French Canadian loyalty and attachment was exclusively to Canada and not Britain. While loyalties were tested by Britain’s imperial wars, the wider resonance of bi-nationalism remained powerful and influential especially in relation to the development of the western provinces. While the survival of French Canada was the LNC’s primary concern, bi-nationalism was promoted as integral to the survival of Canada itself, with French influence a counterpoise to the danger of American influence and annexation. Thus, ‘dualism’, equality and not cultural assimilation or separation, between Canada’s two national groupings, became a fundamental principle of the LNC. Interestingly, Scottish Home Rule was also advanced as a means of providing greater legitimacy and loyalty to the UK’s pre-existing constitutional arrangements.
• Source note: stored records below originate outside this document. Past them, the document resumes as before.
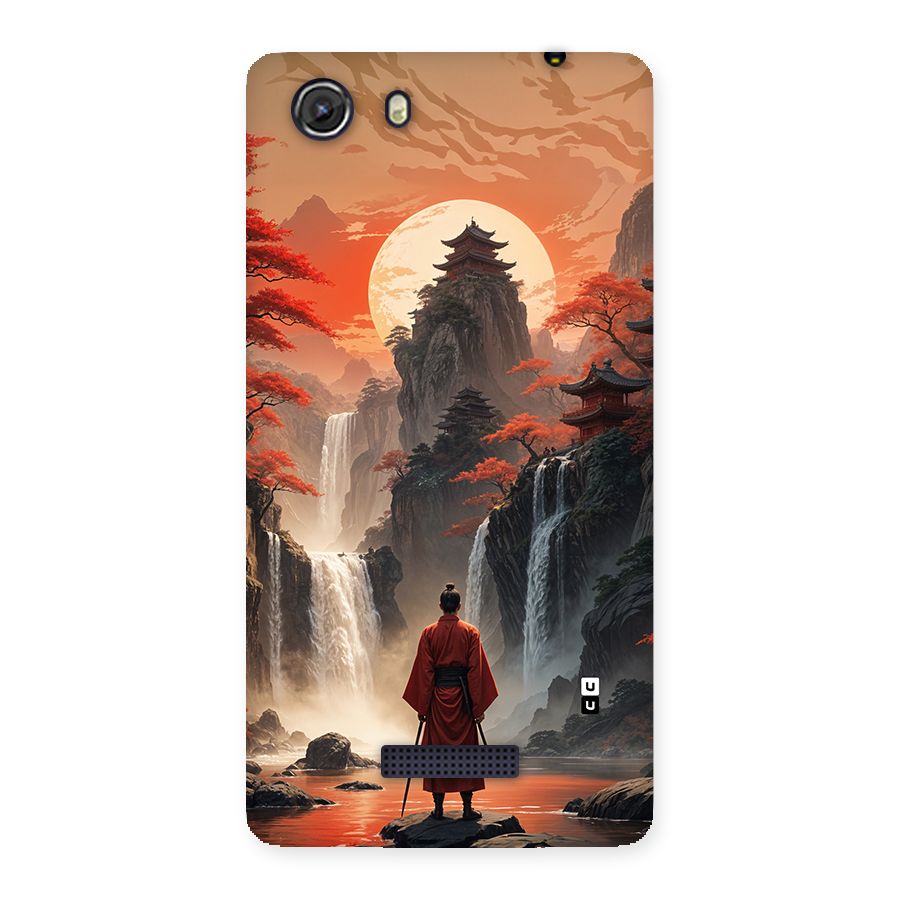 Ancient Waterfall Back Case for Unite 3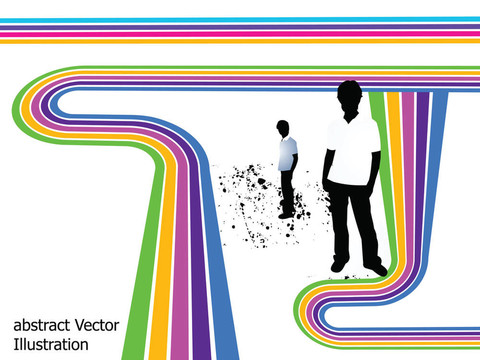 抽象色彩設(shè)計(jì)模板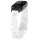 Xiaomi Smart Band 8/9/10 lézergravírozott szilikon okoskarkötő pótszíj -fehér (virág minta)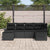 Garden Sofa Set with Cushion 6 pcs Black Poly rattan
The British unitary state and the Canadian federal state were products of political settlements that accommodated minority nations through a broad federalism. The pan-Canadianism of the LNC and the Home Rule creed of the YSS both reflected a belief in liberal reform within larger constitutional constructs. The efforts of the pre-1914 movements were directed at attaining a higher degree of cultural and political accommodation. The First World War largely destroyed this model of national grouping. After 1918 Quebec-based movements assumed a more advanced position, most notably in the Parti Québécois notion of ‘sovereignty association’. For the YSS, the rise of the Labour Party, extensive welfare reform, and administrative devolution after 1918 effectively undermined the case for Scottish Home Rule for a generation.
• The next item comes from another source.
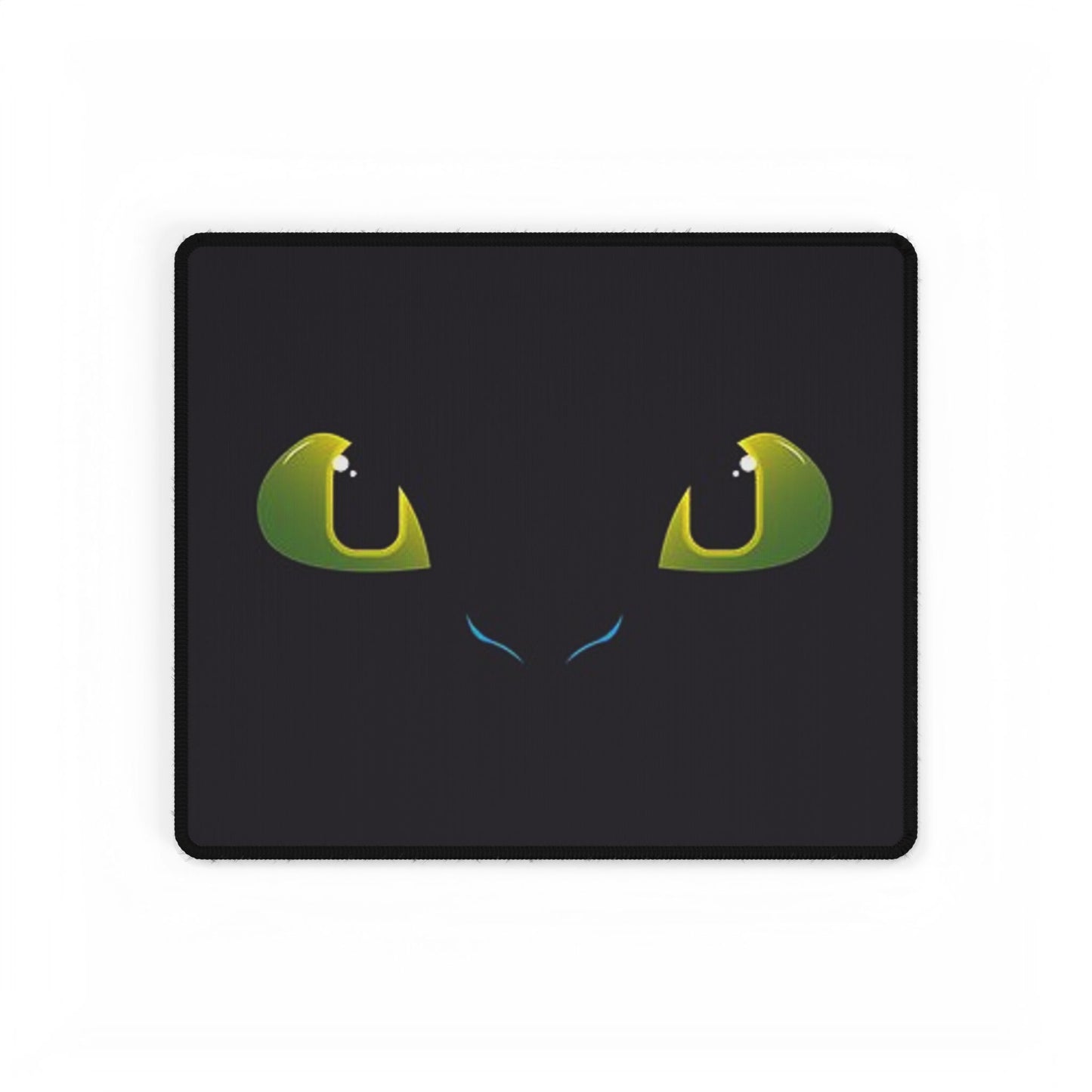 How to Train your Dragon Toothless — Large Black Gaming Mouse Pad with Glowing Green Eyes
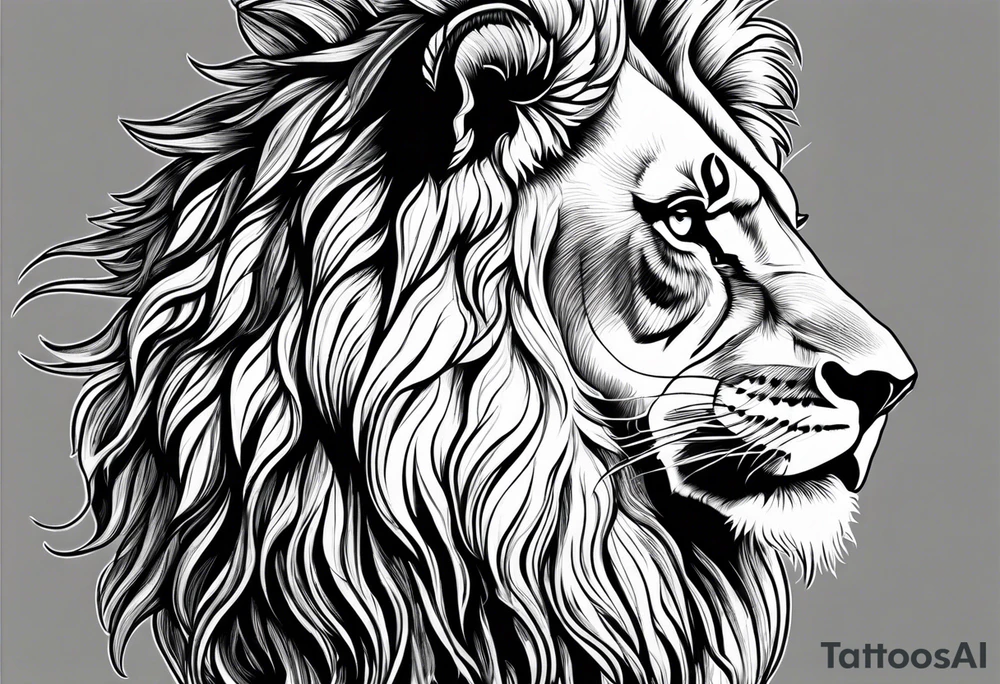 lion tattoo idea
The book ends by demonstrating that the respective influence of the YSS and LNC, while important, was neither direct nor immediate. Nevertheless, the contemporary relevance of the work, evidenced by the 1995 and 2014 referendums in Quebec and Scotland, is clear to see. Kennedy does well to identify the intellectual antecedents of the range of constitutional arrangements, proposals, experiments, and expedients which have been made, short of full independence. Equally, while arguments for national independence have gained significant traction in recent years they have met dogged resistance from pre-existing alternative modes of constitutional and political authority, organisation, and identity.

Comparative history is always fraught with the prospect of making tenuous connections and glib comparisons. In largely avoiding these pitfalls Kennedy has written an impressive book. While the author acknowledges differences between the movements, he often appears to be searching for points of similarity, and for the heightened relevance of particular issues, which demonstrate his comparative analysis, often when the evidence will not fully support the contention. Nevertheless, in the main this is a very accessible, well-researched and scholarly work.

 

Dr. Gordon Bannerman is currently a research assistant at the London School of Economics and a tutor with International Correspondence Schools.